Il faut voir Searching for Sugar Man.
Son réalisateur Malik Bendjelloul cherchait une idée de film pour une chaîne suédoise, vers 1995. Le voila qui tombe en Afrique du sud, sur un disque d'un type qui lui est totalement inconnu. Le disquaire lui raconte alors cette histoire que personne n'aurait imaginé tout seul, tellement invraisemblable qu'elle passerait presque pour un documenteur type Forgotten Silver.

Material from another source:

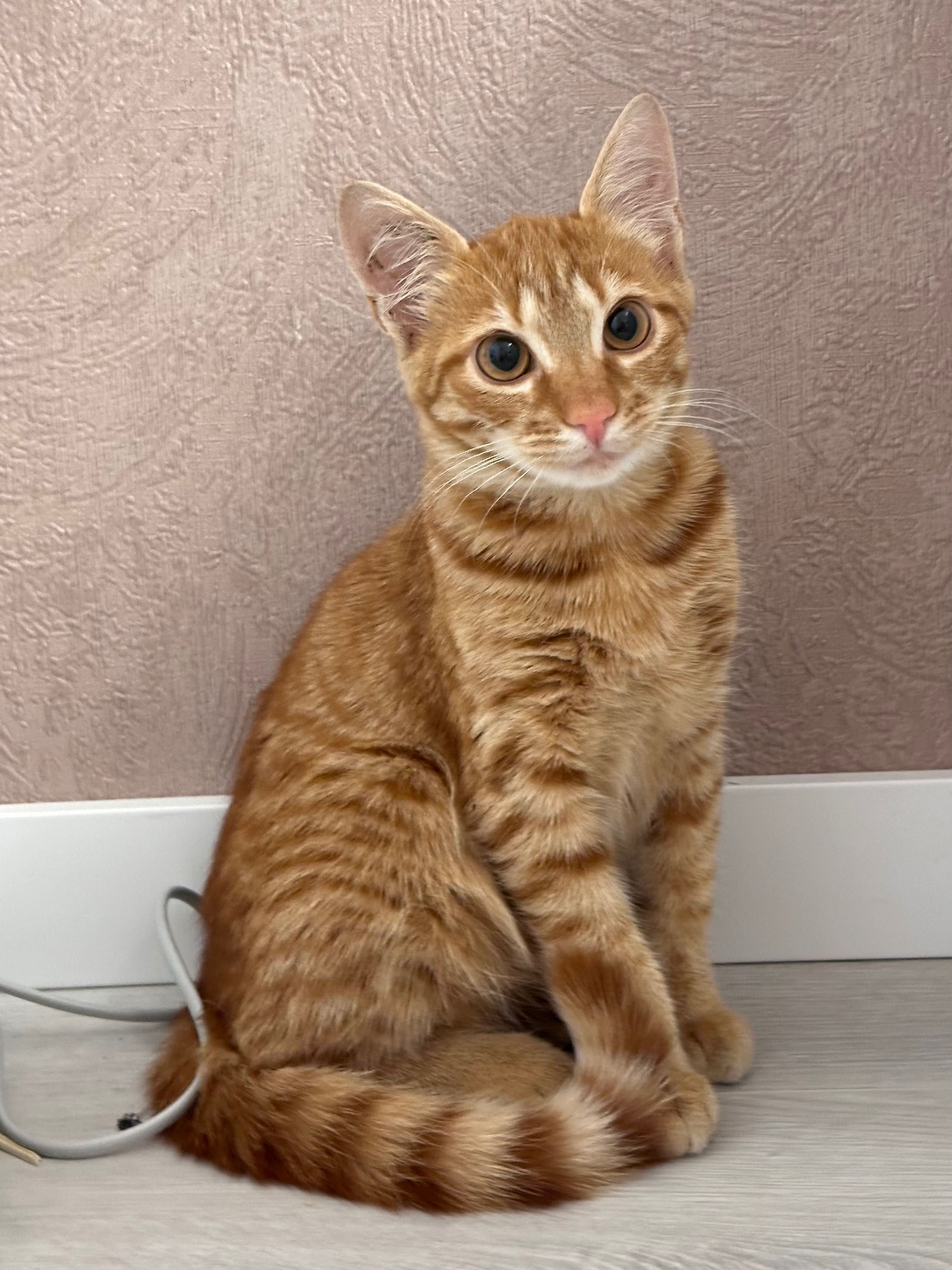 Котик * Лейс*  вік 5-6 місяців, шукає сімʼю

Sugar Man est un documentaire, aboutissement sur la redécouverte d'un artiste qui était célèbre sans le savoir. Ce périple eu lieu à la fin des années 90, et aujourd'hui il n'a échappé à personne que les disques de "Sugar Man" ont envahi les rayons. Bendjelloul part à la recherche de tous ceux qui ont pu côtoyer ce chanteur guitariste américain, Sixto Rodriguez. Celui-ci sortit deux albums dans les années 70 et en vendit six exemplaires, avant de disparaître complètement de la circulation. Ses chansons, poétiques, rafraîchissantes et aux sonorités dylanesques troublantes, se retrouvent on ne sait comment en Afrique du Sud, du temps de l'apartheid. Je ne peux en dire plus sans vous gâcher le plaisir, sinon que le régime en place de l'Afrique du sud a empéché toute fuite à l'étranger de ses disques, alors qu'ils devenaient de véritables hymnes d'une certaine jeunesse blanche et libérale, se vendant comme des petits pains.

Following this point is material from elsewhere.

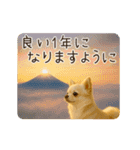 あけおめ！ほんわかチワワ♡（個別スタンプ：4）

Ce documentaire est classique dans sa forme. il s'agit essentiellement d'interviews de personnalités diverses -journalistes, disquaires, producteurs. Mais ils sont entrecoupés de belles images d'Amérique, de Johannesbourg, et de passages en une sorte de dessin animé 2D du plus bel effet. Pourtant, le rythme de Sugar Man n'égale pas celui du dératé "The story of Anvil", dans le même genre, qui suivait la carrière d'un groupe de heavy metal oublié qui court encore après la célébrité. Comment lui en vouloir? Bendjelloul s'est retrouvé tout seul pour réaliser son premier film, ses financiers l'ayant lâché au dernier moment. Sachant ça, ce n'est pas seulement de l'indulgence qu'on éprouve, mais aussi une certaine pitié de savoir que ce film aurait pu ne pas voir le jour pour cause de bêtes impératifs capitalistes.

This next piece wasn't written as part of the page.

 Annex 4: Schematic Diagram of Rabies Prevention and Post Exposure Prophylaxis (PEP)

Car "Sugar Man" est une véritable fable, une ode au bonheur et à la joie de vivre, qui redonne confiance en l'humanité. Malik court vainement après ce chanteur qui, il y a encore 15 ans, n'existait même pas aux yeux du reste du monde, n'avait même pas la moindre entrée sur google. Il na jamais touché le moindre centime dû à sa célébrité. Bendjelloul nous fait découvrir un homme touchant, d'une grande sagesse, extrêmement modeste et vivant humblement, pour ne pas dire quasi misérablement. On n'éprouve même pas de la tristesse pour lui: en effet, lui prend toute cette histoire avec beaucoup de légèreté, quand bien même il passa sa vie à travailler péniblement comme manoeuvre de chantier à Detroit, cette ville désertée. Pendant ces 3 décennies, beaucoup d'argent lui était dû, où est-elle passée? Une sacrée histoire...
Il faut voir Sugar Man. Et il faut écouter ses disques.